Entries taken from a collection:
------------------------------------------------------------------------

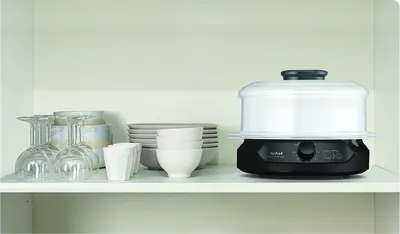 Пароварка Tefal VC2048 Ultracompact: продажа, цена в Львове. Экспресс-тесты  от \"Интернет - Магазин Tomdom\" - 1798102653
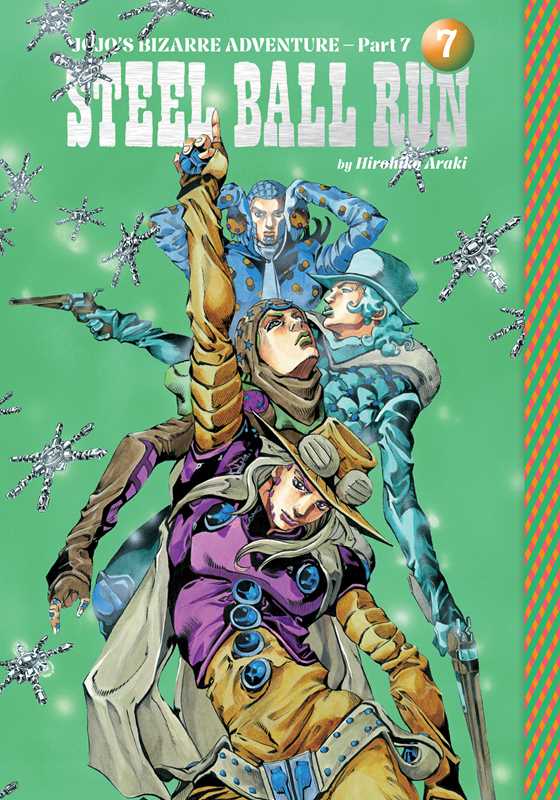 JoJo's Bizarre Adventure: Part 7--Steel Ball Run, Vol. 7 by Hirohiko  Araki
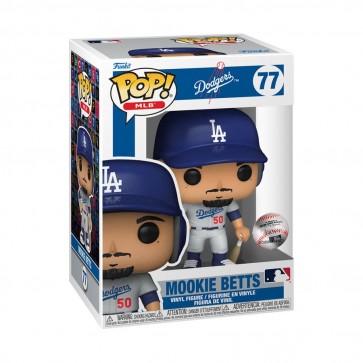 MLB: Dodgers - Mookie Betts (Alt Jersey) Pop! Vinyl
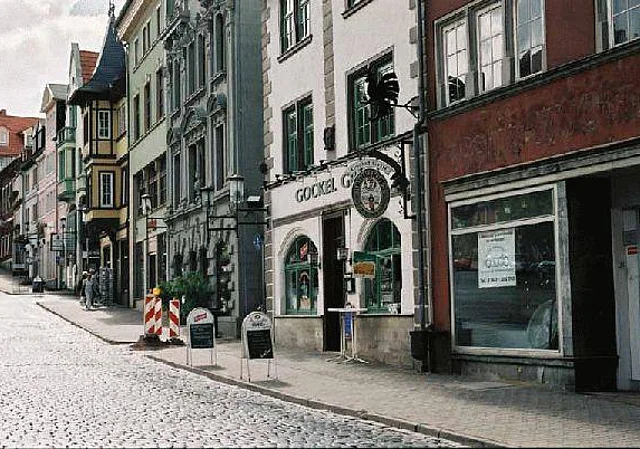 Oberer Hauptmarkt Blick nach Süden
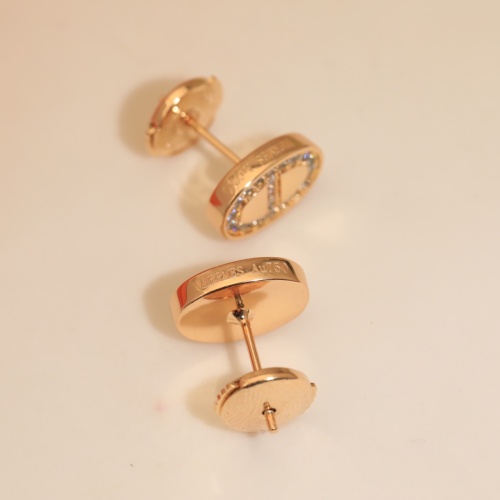 Replica Hermes Earrings For Women #1203201 $32.00 USD for Wholesale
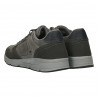 Sneakers barbatesti, gri, in stil urban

------------------------------------------------------------------------

WORK TO BE COMPLETED: Please write out the lines above exactly, from the one that contains "Oberer Hauptmarkt Blick nach Süden" through the final line, and include none of the pictures.

YOUR RESPONSE:
 Oberer Hauptmarkt Blick nach Süden
 Replica Hermes Earrings For Women #1203201 $32.00 USD for Wholesale
 Sneakers barbatesti, gri, in stil urban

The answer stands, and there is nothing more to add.